Blue is CPU utilization, which peaks at 40%, maroon is load with peak at 1.4. So we can see we get timeouts even with low CPU utilization/load (the ten second spikes correspond well to the CPU utilization, but that is another issue, I have higher hopes of finding out what might be causing those).

There's no errors in the Apache error log and I haven't seen it reach more than 200 active Apache processes.

Server Settings:

Timeout 50 
KeepAlive On
MaxKeepAliveRequests 100
KeepAliveTimeout 2

<IfModule mpm_prefork_module>
    ServerLimit     350
    StartServers        20
    MinSpareServers     75
    MaxSpareServers     150
    MaxClients          320
    MaxRequestsPerChild 5000
</IfModule>

Update:

I updated to Ubuntu 12.04.1, just in case, no change.
I added mod_reqtimeout with settings:

RequestReadTimeout header=20-40,minrate=500
RequestReadTimeout body=10,minrate=500

Now almost all timeouts happens at 10 seconds, one or two at 20 seconds. I take that to mean that most of the time it's getting the request body that's problematic to receive? The request body should never be larger than a few hundred bytes.
I've monitored the network traffic on a per 1 second basis and it never gets higher than 1Mbit/s and I don't see any rxerrs or rxdorps, considering that the server is on a 1Gbit/s line it doesn't sound like the HopelessN00b posted about. Could it be just a case of some bad user connections?
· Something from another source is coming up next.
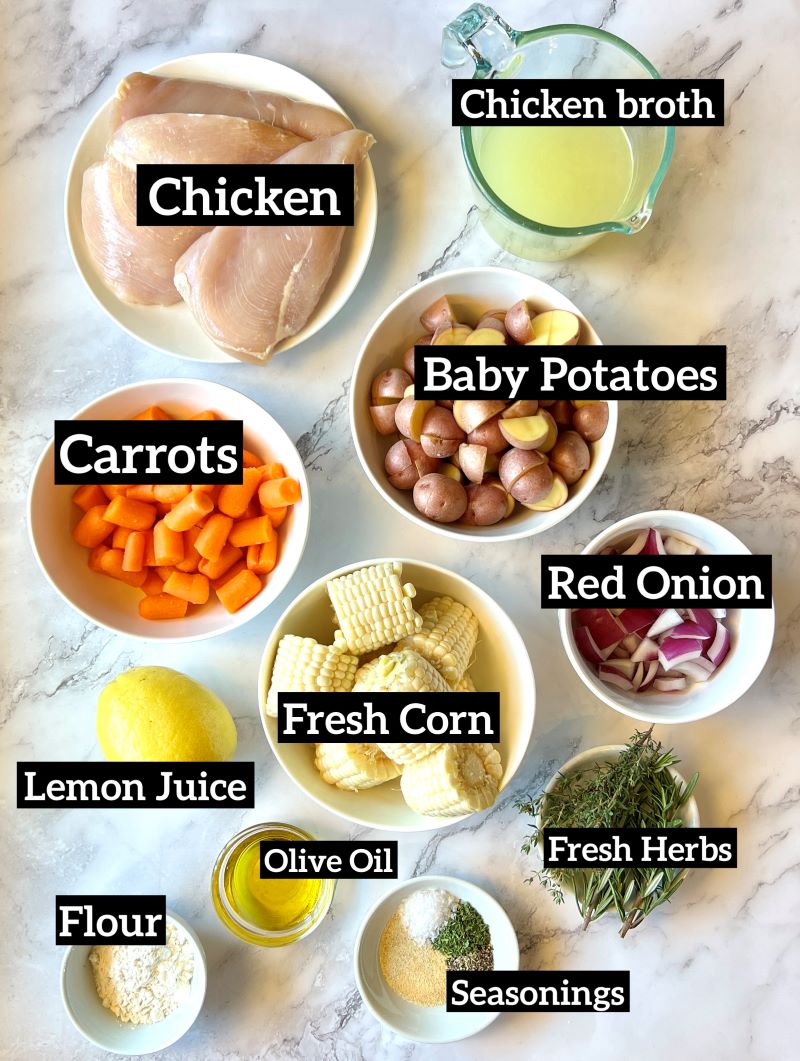 Ingredients displayed for slow cooker summer chicken Chicken breast, chicken broth, baby red potatoes, carrots, fresh corn on the cob, red onion, lemon juice, fresh herbs, olive oil, seasonings, flour.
For the spikes every hour (they seem to drift around a bit, in the graphs above they're on 33 minutes past the hour, now they're on 12 minutes past), I've tried to see if there's anything periodically running (crons etc) but found nothing. PHP garbage collection runs twice every hour, but not at the time of the spikes, still I've tried with disabling it but it makes no difference.

I've used dstat with –top-cpu and top to look at the processes at the time of the spikes and all that shows up is apache working hard for a few seconds but no other process is using significant cpu.

I've made a zoomed in graph of the spikes:
Zoomed request response time

To me it looks like apache halts for some few seconds and then works hard to process the requests that came in during the halt. What might cause such a halt, or am I misinterpreting it?

Best Answer

The first thing I note, looking at your first graph, there seems to be an hourly slowdown (occurring around 40 minutes past the hour) which may be contributing to the problem. You should have a look at the task schedulers on the OS / database.

Based on the data you've supplied, my next step woud be to look at the frequency of response times (number of responses on Y axis vs duration on X) but only including URLs which exhibit the timeout (or preferably one URL at a time). On a typical system this should follow a normal or poisson distribution - the requests which are timing out may simply be part of the tail - in which case you need to focus your efforts on general tuning. OTOH if the distribution is bi-modal then you need to look for contention somewhere in your code.